I was already in prep mode as I already had other interviews lined up so we decided to schedule phone screen after couple weeks. Recruiter was explicit that they expect candidates to write code for 2 medium questions.

Phone Screen:
FB tagged easy, FB tagged medium
I coded the easy one fairly quickly and medium one almost 90%. I had solved both but had a small bug with medium one that I was not able to fix until the end. Interviewer was helpful and provided hints.

Next day, recruiter reached out saying the interview went well except for verification where I struggled some. I was connected with a different recruiter. Since I already had an offer, we expedited the process and scheduled onsite a week after (early this week).

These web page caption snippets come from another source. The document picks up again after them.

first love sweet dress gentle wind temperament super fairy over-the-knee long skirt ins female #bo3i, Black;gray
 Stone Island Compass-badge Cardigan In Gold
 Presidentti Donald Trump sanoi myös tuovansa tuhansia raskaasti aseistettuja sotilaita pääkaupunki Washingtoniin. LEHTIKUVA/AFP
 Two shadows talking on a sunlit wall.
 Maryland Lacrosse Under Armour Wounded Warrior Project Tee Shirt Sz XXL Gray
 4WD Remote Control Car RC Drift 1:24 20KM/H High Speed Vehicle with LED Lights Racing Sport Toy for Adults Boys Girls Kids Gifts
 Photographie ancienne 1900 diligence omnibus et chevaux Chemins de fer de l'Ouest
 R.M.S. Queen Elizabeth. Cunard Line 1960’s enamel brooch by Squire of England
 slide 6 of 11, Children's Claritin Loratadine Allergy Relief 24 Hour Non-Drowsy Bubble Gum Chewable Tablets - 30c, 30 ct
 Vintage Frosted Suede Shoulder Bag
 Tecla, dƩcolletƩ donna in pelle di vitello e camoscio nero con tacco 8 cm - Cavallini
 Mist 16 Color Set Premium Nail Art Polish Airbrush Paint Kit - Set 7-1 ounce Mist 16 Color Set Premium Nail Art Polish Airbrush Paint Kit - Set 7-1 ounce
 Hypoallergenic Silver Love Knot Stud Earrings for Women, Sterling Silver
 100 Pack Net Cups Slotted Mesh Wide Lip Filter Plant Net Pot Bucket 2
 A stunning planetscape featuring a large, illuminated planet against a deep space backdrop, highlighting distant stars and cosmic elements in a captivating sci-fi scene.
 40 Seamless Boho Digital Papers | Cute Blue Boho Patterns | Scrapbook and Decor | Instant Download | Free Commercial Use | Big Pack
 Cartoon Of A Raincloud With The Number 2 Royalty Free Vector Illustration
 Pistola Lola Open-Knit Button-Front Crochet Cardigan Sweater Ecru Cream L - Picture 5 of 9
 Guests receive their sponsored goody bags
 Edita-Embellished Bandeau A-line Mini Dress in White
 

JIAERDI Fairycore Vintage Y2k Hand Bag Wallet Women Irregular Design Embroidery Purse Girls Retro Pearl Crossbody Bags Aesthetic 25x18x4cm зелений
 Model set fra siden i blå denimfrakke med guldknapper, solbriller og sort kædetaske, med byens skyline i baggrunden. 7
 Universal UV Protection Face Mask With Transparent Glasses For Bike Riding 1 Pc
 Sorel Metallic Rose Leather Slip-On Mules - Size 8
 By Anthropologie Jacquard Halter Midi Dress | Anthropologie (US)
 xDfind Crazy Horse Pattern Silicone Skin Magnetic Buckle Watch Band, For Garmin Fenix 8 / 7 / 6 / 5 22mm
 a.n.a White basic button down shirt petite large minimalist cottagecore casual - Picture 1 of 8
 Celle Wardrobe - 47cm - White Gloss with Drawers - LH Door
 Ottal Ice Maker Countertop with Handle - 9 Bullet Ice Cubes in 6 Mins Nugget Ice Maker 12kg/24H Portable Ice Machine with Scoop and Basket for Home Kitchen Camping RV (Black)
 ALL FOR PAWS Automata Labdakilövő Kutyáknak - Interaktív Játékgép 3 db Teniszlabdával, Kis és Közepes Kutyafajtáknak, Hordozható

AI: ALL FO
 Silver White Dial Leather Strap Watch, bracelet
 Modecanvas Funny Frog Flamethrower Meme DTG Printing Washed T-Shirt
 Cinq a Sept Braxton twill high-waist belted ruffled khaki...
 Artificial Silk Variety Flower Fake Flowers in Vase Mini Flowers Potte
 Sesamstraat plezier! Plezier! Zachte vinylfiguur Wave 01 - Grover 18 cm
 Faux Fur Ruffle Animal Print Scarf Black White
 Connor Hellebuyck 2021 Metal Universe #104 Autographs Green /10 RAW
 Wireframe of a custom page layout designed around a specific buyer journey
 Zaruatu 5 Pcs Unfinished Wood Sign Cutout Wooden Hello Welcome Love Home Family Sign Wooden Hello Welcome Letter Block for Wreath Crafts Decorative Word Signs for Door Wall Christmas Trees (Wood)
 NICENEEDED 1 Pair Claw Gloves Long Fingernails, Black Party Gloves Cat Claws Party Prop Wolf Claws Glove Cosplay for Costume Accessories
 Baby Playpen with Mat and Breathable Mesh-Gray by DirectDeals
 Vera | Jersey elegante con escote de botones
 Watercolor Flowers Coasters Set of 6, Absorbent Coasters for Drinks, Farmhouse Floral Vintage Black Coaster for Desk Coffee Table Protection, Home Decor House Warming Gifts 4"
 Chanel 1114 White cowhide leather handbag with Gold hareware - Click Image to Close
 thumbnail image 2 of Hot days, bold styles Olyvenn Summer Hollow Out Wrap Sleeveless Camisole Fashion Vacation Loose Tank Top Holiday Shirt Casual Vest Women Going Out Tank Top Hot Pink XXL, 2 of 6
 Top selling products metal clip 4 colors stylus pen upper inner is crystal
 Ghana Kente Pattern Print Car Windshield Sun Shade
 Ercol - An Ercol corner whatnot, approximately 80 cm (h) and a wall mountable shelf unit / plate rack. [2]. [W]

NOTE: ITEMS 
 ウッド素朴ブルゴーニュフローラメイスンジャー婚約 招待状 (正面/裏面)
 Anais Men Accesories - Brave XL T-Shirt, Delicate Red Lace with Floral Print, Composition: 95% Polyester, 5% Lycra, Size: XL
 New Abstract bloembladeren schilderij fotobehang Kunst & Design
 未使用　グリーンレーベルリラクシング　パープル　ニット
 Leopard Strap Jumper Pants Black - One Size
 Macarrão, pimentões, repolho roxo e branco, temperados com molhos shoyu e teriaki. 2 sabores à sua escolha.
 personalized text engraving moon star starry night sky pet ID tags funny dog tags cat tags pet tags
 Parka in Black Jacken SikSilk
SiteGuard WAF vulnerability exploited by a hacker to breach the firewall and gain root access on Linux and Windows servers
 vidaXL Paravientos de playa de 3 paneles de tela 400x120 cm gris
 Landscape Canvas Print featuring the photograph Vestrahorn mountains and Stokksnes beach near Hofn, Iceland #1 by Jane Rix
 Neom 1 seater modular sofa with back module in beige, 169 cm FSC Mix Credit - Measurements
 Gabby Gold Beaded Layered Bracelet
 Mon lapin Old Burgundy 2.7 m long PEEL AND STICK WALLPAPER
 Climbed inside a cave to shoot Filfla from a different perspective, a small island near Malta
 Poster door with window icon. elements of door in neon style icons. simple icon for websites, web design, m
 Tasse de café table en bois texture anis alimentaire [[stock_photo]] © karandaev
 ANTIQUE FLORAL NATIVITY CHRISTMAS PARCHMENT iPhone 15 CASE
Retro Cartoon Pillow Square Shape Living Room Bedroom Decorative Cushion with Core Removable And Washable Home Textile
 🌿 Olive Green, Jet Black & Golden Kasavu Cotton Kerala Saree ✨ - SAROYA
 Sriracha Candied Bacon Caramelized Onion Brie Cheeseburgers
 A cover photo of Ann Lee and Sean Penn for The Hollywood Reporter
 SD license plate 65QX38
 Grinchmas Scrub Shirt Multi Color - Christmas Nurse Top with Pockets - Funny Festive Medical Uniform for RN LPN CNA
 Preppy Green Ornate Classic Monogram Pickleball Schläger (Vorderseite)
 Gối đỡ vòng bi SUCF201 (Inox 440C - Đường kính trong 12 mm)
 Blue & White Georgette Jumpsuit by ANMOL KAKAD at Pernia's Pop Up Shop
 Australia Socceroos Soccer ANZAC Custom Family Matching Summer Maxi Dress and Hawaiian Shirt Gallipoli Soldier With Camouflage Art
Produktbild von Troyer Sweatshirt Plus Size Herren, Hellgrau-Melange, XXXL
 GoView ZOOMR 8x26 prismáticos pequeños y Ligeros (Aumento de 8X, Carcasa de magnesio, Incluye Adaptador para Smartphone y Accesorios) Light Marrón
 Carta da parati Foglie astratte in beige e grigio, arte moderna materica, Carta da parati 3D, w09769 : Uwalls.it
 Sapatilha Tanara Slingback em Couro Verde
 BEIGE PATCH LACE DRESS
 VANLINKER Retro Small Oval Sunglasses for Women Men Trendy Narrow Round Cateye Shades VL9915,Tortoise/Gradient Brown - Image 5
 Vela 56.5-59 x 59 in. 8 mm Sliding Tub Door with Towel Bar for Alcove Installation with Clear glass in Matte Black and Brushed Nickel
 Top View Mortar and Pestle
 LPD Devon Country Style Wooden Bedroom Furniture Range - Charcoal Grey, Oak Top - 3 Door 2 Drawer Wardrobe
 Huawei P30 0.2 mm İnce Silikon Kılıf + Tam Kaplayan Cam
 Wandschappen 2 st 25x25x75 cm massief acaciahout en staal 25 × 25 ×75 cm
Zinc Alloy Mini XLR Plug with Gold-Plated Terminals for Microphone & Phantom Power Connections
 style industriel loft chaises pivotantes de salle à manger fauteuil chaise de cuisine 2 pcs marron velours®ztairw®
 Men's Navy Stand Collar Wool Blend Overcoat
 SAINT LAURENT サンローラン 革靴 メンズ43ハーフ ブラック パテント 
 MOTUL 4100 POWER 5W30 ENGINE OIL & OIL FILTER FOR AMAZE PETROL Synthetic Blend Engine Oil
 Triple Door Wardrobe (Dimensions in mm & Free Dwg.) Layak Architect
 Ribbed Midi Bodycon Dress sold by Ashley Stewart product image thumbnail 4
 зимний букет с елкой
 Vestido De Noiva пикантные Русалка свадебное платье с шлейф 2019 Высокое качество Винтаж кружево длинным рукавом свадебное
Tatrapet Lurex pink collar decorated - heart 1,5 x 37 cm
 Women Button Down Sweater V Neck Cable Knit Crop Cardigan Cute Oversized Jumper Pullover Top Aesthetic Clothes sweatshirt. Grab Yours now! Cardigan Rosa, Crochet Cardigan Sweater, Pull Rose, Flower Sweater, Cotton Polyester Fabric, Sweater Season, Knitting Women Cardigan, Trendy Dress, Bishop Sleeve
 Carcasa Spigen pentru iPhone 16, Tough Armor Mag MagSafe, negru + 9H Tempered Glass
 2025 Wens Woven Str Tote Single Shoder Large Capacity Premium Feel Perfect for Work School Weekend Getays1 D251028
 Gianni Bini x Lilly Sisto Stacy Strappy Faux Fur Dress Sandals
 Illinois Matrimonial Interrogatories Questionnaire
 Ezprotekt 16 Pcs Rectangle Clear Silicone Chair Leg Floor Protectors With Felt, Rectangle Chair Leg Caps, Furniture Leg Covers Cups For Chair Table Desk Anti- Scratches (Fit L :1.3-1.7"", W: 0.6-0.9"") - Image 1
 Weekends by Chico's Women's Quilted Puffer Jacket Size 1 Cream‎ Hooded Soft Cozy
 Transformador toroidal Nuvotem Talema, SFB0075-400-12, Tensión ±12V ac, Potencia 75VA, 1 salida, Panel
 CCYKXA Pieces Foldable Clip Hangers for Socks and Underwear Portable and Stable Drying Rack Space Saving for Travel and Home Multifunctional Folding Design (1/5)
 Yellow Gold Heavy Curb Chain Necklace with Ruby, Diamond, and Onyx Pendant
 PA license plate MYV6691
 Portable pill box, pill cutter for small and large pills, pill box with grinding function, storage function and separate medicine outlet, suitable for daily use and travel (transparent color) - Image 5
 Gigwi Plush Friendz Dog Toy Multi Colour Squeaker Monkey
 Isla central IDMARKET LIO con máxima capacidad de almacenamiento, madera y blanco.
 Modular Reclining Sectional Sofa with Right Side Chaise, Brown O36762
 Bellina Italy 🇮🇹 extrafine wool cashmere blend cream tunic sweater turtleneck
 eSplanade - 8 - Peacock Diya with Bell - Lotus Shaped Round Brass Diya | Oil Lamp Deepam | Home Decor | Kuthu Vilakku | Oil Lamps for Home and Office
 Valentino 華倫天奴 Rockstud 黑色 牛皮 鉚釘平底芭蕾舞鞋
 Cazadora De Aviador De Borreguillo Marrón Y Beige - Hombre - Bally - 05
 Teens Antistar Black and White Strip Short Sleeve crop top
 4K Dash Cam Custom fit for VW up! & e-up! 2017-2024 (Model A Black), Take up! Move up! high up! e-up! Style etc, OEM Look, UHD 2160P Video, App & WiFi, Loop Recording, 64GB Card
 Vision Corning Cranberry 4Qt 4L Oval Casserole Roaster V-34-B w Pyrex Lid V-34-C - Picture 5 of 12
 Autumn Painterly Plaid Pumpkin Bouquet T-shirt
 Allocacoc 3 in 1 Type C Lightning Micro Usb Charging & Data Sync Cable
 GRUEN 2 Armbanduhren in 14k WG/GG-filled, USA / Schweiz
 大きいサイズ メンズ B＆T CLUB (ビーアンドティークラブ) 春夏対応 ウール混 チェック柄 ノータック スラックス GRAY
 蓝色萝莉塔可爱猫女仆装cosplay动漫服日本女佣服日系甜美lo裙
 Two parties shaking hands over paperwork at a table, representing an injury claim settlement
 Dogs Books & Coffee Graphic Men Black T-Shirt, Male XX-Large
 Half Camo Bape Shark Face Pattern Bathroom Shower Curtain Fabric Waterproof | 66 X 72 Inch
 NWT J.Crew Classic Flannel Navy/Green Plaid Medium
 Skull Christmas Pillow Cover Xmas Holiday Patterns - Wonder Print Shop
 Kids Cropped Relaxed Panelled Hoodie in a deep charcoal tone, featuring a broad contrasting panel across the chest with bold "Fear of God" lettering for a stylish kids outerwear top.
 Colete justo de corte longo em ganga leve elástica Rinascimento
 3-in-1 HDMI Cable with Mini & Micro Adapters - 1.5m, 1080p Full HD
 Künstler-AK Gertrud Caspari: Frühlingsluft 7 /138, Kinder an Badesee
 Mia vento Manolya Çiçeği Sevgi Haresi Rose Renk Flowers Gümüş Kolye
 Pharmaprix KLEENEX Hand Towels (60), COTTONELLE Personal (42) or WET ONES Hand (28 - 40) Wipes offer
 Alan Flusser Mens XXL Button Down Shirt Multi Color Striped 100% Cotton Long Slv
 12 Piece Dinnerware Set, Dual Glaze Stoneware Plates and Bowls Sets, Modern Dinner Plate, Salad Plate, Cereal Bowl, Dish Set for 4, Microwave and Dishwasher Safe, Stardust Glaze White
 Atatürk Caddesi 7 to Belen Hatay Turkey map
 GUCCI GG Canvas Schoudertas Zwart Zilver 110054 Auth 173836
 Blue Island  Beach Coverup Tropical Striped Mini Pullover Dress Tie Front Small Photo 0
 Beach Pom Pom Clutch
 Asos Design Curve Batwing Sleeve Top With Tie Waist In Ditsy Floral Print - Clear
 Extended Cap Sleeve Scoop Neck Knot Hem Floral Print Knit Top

TIP: I used to rely on leetcode and my approach was kindof trial and error. Learned that I need to walk through the code for correctness before submitting on Leetcode. Also, think about edge cases.

Onsite:
Coding 1:
FB tagged easy, FB tagged hard
Interviewer was a bit late so I was only able to code an easy one. Hard was related to the easy one and I had read about that recently so we only discussed the approach. I made sure to walk through the code. We discussed an edge case - it was not an issue per se but in retrospect, I think the interviewer was not happy with how I implemented it.

Coding 2:
Non LC question. Honestly, I didn’t expect such question and I was really confused about it. Even searching online, I can only find couple posts without any solution so I'm not sure whether it should be easy/medium/hard. This question took entire interview.
It was a simple question but I had to think about input and output, etc. I strongly believe this is the interview that costed me as it was my worst performance.

System Design:
Fairly common interview question (think like distributed data structure) - I answered fairly well based on my knowledge (load balancer, nosql/rdbms/redis, etc.). But I realized at the end that the interviewer was looking for something else. This might have costed me as well since I was applying for Senior SWE.
Tip: Watch videos, keep reading and design just for fun. No other way to improve. I bought a physical whiteboard and couple days before the interview, I’d just design Google/Amazon/FB, etc. Really fun actually.

Behavior 1:
Had a great conversation with another engineer. We didn’t have any time to write code.

Behavior 2:
Also had a great conversation with another engineer. We had some time so I was asked a easish medium question. I had solved similar question quite a few times so I solved it pretty quickly. I walked through the code and it looked fine at that time but I recalled after that I missed a null check/edge case.

Overall, I had a great experience - nice/engaged engineers, friendly recruiters. Still bummed that I didnt get it and will need to wait for a year before I can try again.
That said, I take solace in the fact that I was able to atleast go onsite ( I failed Google phone screen a couple weeks back as well). Also, I’m fortunate that I already work for a SV tech company and had another offer which I feel is pretty intense for new grad.

Leetcoding is fun, I bought premium for a month and suggest others buying it as well ( I do it just so I can support the company that has helped me land my current job as well).